LISTED RECORDS:

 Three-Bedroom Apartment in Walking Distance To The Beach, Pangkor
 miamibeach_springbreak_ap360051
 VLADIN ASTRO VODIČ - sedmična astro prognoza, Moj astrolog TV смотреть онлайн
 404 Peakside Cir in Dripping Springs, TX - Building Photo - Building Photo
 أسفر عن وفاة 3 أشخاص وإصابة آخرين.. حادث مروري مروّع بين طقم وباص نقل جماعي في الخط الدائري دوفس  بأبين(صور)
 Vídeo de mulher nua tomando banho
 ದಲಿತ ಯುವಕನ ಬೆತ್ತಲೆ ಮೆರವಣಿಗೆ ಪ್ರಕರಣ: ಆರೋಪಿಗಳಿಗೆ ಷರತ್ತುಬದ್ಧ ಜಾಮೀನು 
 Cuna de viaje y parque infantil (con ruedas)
...
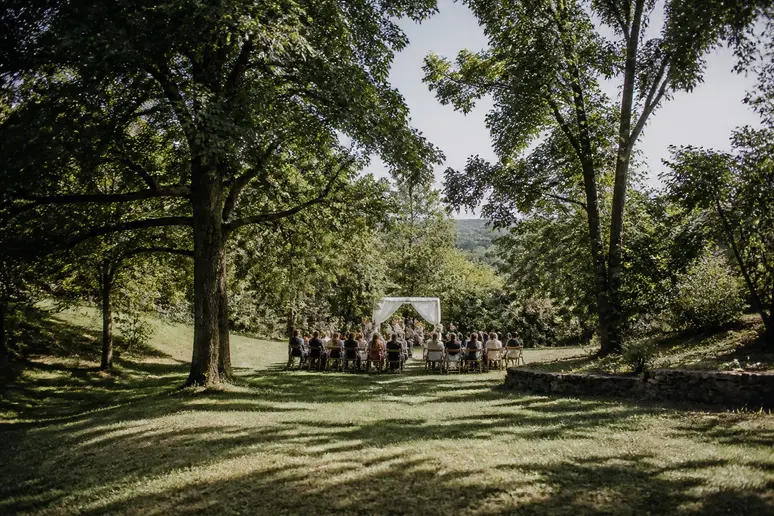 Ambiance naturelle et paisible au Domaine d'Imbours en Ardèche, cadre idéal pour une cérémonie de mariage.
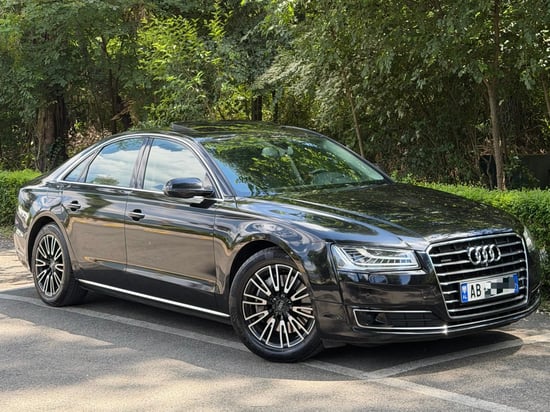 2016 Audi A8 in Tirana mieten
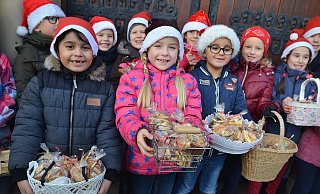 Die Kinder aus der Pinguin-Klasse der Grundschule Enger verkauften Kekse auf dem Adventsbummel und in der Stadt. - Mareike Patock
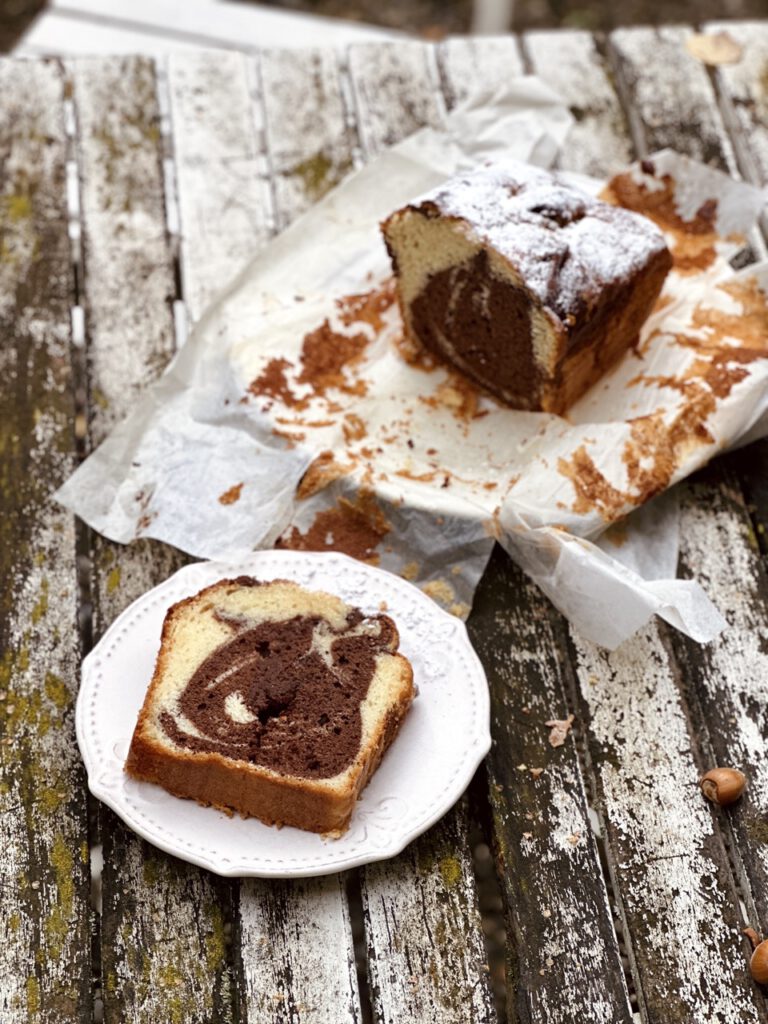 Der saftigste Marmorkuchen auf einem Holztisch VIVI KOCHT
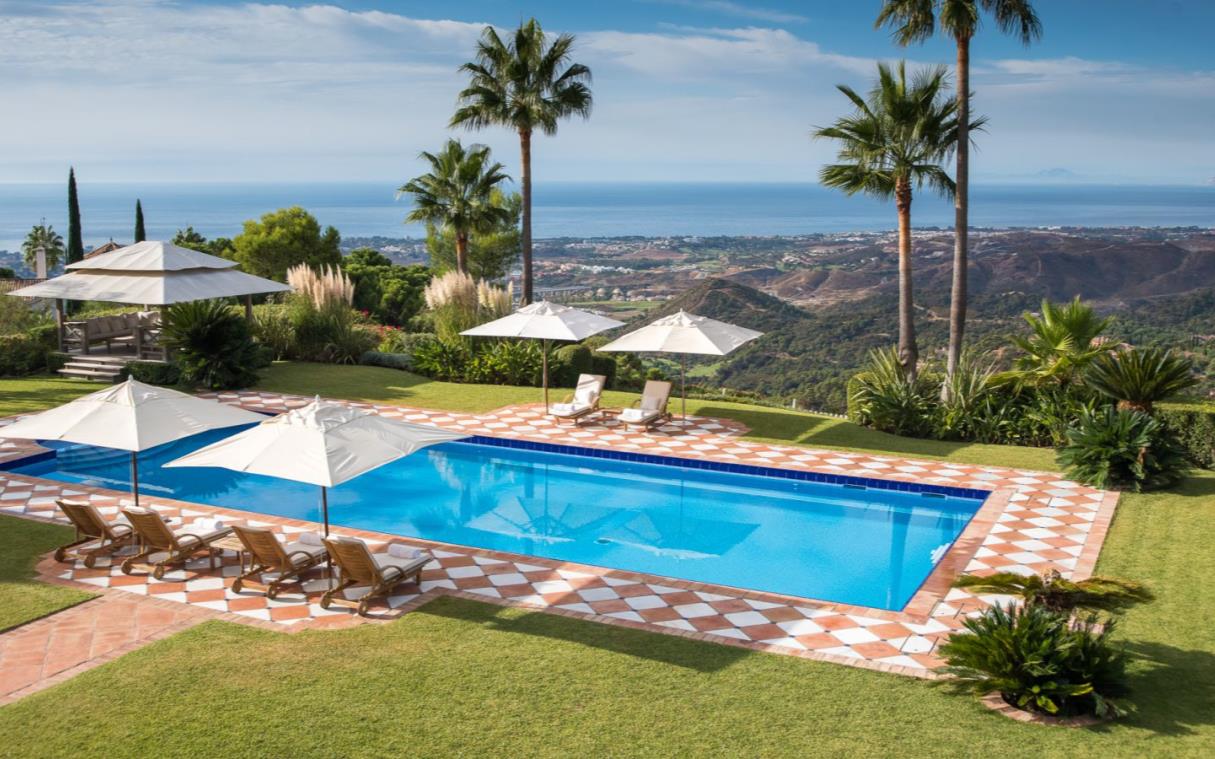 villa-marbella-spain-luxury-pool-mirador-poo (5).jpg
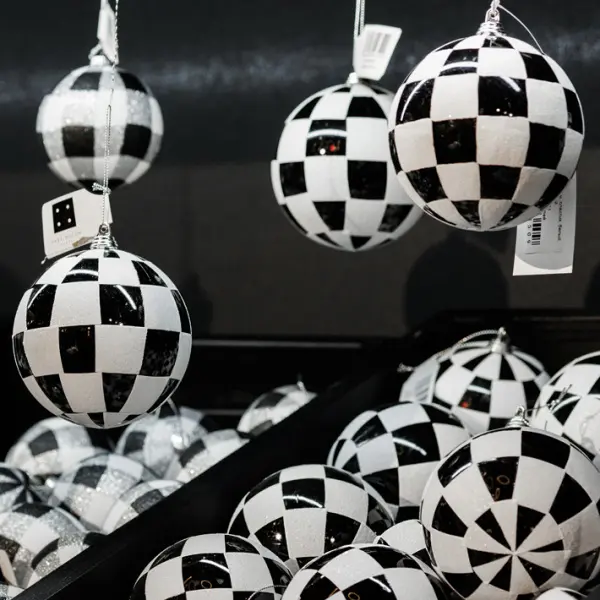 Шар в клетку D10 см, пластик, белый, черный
---
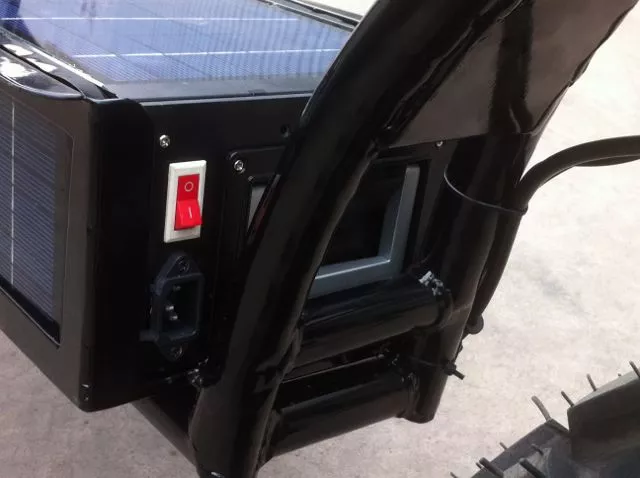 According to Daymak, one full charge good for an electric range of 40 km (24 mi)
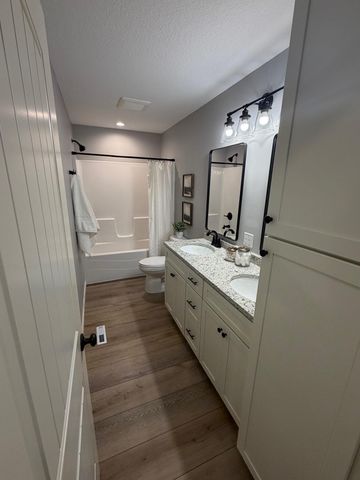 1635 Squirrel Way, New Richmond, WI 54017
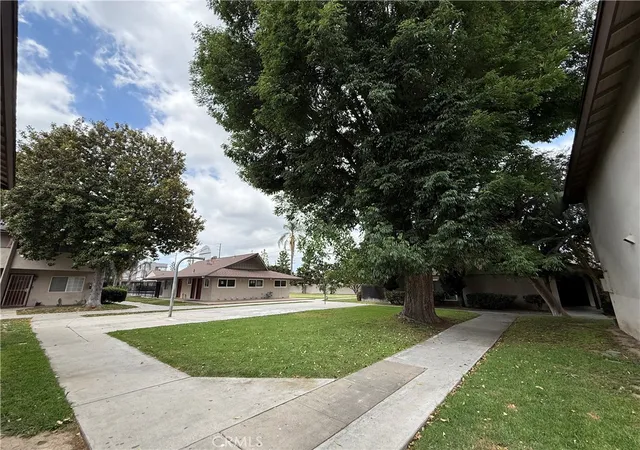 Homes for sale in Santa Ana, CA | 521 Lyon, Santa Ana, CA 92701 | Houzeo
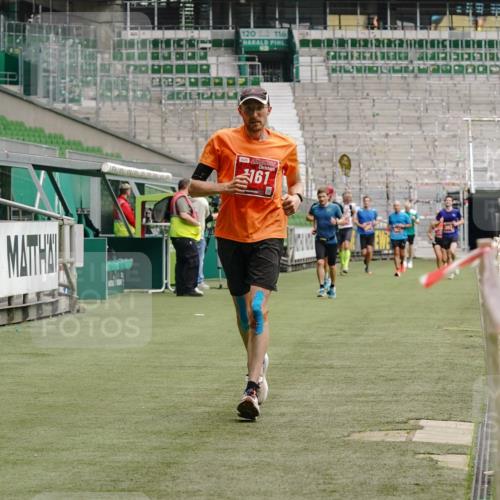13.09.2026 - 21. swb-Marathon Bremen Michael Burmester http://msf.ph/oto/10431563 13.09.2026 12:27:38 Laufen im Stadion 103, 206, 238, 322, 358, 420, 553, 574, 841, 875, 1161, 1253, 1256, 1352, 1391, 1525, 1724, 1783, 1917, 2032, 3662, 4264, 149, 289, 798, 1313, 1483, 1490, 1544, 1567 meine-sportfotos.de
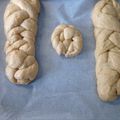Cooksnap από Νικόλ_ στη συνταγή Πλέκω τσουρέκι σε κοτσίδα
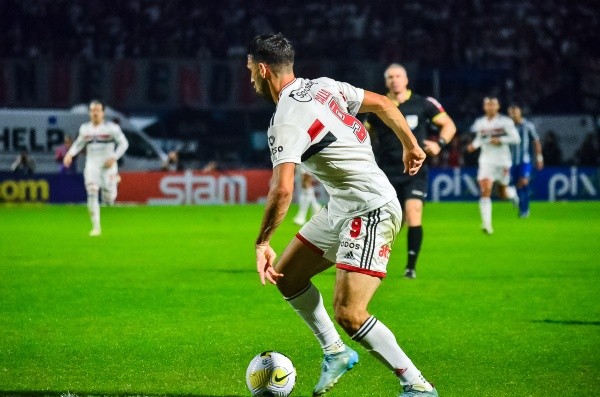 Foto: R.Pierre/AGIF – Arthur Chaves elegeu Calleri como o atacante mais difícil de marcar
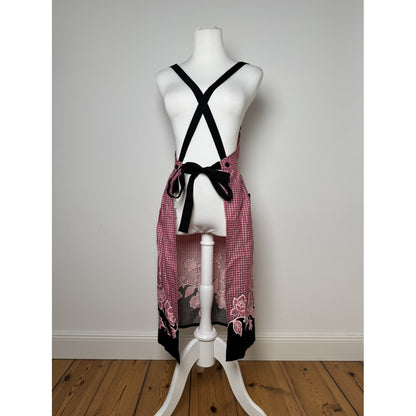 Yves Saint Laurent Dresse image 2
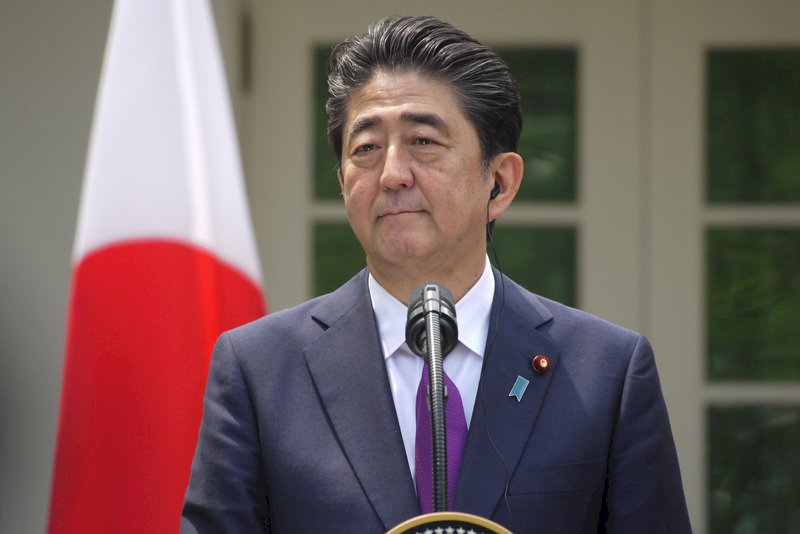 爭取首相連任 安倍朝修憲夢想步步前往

WHAT YOU ARE ASKED TO DO:
Out of the records above, return only the lines from the one with "1635 Squirrel Way, New Richmond, WI 54017" through the one with "Homes for sale", exactly, and none of the pictures.

EXERCISE ANSWER:
 1635 Squirrel Way, New Richmond, WI 54017
 Homes for sale in Santa Ana, CA | 521 Lyon, Santa Ana, CA 92701 | Houzeo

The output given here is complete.